▸ **Assignment**:
Reproduce, character for character, the entries from their opening line through the line with "SportingElite1's tweet photo.".

Extracted data entries
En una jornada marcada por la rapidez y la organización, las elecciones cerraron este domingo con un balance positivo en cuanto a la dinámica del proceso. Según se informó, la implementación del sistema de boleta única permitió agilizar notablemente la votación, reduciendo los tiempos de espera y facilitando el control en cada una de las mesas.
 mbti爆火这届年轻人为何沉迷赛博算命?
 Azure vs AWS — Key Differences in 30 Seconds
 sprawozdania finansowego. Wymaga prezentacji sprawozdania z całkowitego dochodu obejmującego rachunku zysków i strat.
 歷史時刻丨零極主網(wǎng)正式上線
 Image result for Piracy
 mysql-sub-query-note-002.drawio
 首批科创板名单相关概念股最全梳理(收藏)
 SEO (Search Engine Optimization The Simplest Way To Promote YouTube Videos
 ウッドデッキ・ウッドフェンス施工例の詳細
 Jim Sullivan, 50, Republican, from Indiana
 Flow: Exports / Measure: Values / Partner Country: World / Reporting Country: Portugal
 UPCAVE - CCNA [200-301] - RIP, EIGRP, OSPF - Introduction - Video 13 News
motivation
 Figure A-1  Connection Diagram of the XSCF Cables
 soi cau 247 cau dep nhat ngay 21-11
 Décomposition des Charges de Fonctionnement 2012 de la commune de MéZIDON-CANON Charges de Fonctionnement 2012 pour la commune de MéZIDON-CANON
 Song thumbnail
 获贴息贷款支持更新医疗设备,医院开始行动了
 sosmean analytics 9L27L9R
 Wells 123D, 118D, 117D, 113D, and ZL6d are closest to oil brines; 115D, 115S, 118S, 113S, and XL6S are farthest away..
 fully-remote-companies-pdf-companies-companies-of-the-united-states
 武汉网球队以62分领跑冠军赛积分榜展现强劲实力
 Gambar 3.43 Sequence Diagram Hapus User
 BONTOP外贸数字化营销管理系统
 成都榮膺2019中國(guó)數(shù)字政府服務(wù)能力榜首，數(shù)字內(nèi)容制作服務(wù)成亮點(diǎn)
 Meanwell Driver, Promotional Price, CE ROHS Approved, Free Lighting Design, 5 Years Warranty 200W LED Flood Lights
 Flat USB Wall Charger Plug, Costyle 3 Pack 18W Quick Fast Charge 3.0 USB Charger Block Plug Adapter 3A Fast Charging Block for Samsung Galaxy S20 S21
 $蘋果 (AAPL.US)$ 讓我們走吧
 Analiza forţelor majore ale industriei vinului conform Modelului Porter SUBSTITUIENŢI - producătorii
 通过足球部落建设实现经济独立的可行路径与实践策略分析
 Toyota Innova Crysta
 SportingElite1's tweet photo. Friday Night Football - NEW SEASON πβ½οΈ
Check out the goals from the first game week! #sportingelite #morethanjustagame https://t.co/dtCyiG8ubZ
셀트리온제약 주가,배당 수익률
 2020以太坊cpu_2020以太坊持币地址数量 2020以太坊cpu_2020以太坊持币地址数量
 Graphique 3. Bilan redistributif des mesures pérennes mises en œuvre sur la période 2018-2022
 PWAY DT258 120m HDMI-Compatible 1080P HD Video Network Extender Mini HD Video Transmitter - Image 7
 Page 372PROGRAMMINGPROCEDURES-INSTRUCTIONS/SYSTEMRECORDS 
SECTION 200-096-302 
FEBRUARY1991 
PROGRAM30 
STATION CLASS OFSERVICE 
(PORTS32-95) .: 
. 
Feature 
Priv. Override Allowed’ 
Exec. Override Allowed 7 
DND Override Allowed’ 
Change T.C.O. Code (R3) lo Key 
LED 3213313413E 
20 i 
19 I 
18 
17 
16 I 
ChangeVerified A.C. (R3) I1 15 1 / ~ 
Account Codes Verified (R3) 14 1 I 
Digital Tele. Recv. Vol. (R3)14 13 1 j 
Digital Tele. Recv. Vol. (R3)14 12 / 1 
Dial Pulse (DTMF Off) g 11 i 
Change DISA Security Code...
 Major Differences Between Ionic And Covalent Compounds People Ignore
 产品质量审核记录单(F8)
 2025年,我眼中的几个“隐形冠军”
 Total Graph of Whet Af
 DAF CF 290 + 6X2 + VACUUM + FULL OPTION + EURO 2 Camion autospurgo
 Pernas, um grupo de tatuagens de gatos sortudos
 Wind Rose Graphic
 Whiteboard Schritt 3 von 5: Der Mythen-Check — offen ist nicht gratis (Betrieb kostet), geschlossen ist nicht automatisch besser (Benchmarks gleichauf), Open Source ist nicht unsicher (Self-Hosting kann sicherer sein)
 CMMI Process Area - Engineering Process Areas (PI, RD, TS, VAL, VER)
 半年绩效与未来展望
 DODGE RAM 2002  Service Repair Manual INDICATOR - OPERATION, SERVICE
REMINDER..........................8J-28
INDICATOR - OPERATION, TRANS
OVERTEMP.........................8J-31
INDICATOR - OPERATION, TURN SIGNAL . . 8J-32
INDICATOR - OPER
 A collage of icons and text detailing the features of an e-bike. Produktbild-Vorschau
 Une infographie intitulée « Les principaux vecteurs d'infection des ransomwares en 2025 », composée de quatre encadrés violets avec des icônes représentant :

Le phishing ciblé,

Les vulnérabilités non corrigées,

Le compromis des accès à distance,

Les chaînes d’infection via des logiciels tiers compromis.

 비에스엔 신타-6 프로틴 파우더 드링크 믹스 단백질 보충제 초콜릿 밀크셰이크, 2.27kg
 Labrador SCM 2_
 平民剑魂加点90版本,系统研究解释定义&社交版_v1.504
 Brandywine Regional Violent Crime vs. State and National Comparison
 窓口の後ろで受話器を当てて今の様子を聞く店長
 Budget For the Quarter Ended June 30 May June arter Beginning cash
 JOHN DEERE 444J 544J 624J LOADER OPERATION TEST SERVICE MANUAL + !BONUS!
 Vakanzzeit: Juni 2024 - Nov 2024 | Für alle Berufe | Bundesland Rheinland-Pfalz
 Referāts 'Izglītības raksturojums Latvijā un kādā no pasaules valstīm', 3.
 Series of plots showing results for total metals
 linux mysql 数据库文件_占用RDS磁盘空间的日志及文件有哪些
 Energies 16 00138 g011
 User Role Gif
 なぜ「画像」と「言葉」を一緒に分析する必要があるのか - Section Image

▸ **Solution**:
En una jornada marcada por la rapidez y la organización, las elecciones cerraron este domingo con un balance positivo en cuanto a la dinámica del proceso. Según se informó, la implementación del sistema de boleta única permitió agilizar notablemente la votación, reduciendo los tiempos de espera y facilitando el control en cada una de las mesas.
 mbti爆火这届年轻人为何沉迷赛博算命?
 Azure vs AWS — Key Differences in 30 Seconds
 sprawozdania finansowego. Wymaga prezentacji sprawozdania z całkowitego dochodu obejmującego rachunku zysków i strat.
 歷史時刻丨零極主網(wǎng)正式上線
 Image result for Piracy
 mysql-sub-query-note-002.drawio
 首批科创板名单相关概念股最全梳理(收藏)
 SEO (Search Engine Optimization The Simplest Way To Promote YouTube Videos
 ウッドデッキ・ウッドフェンス施工例の詳細
 Jim Sullivan, 50, Republican, from Indiana
 Flow: Exports / Measure: Values / Partner Country: World / Reporting Country: Portugal
 UPCAVE - CCNA [200-301] - RIP, EIGRP, OSPF - Introduction - Video 13 News
motivation
 Figure A-1  Connection Diagram of the XSCF Cables
 soi cau 247 cau dep nhat ngay 21-11
 Décomposition des Charges de Fonctionnement 2012 de la commune de MéZIDON-CANON Charges de Fonctionnement 2012 pour la commune de MéZIDON-CANON
 Song thumbnail
 获贴息贷款支持更新医疗设备,医院开始行动了
 sosmean analytics 9L27L9R
 Wells 123D, 118D, 117D, 113D, and ZL6d are closest to oil brines; 115D, 115S, 118S, 113S, and XL6S are farthest away..
 fully-remote-companies-pdf-companies-companies-of-the-united-states
 武汉网球队以62分领跑冠军赛积分榜展现强劲实力
 Gambar 3.43 Sequence Diagram Hapus User
 BONTOP外贸数字化营销管理系统
 成都榮膺2019中國(guó)數(shù)字政府服務(wù)能力榜首，數(shù)字內(nèi)容制作服務(wù)成亮點(diǎn)
 Meanwell Driver, Promotional Price, CE ROHS Approved, Free Lighting Design, 5 Years Warranty 200W LED Flood Lights
 Flat USB Wall Charger Plug, Costyle 3 Pack 18W Quick Fast Charge 3.0 USB Charger Block Plug Adapter 3A Fast Charging Block for Samsung Galaxy S20 S21
 $蘋果 (AAPL.US)$ 讓我們走吧
 Analiza forţelor majore ale industriei vinului conform Modelului Porter SUBSTITUIENŢI - producătorii
 通过足球部落建设实现经济独立的可行路径与实践策略分析
 Toyota Innova Crysta
 SportingElite1's tweet photo. Friday Night Football - NEW SEASON πβ½οΈ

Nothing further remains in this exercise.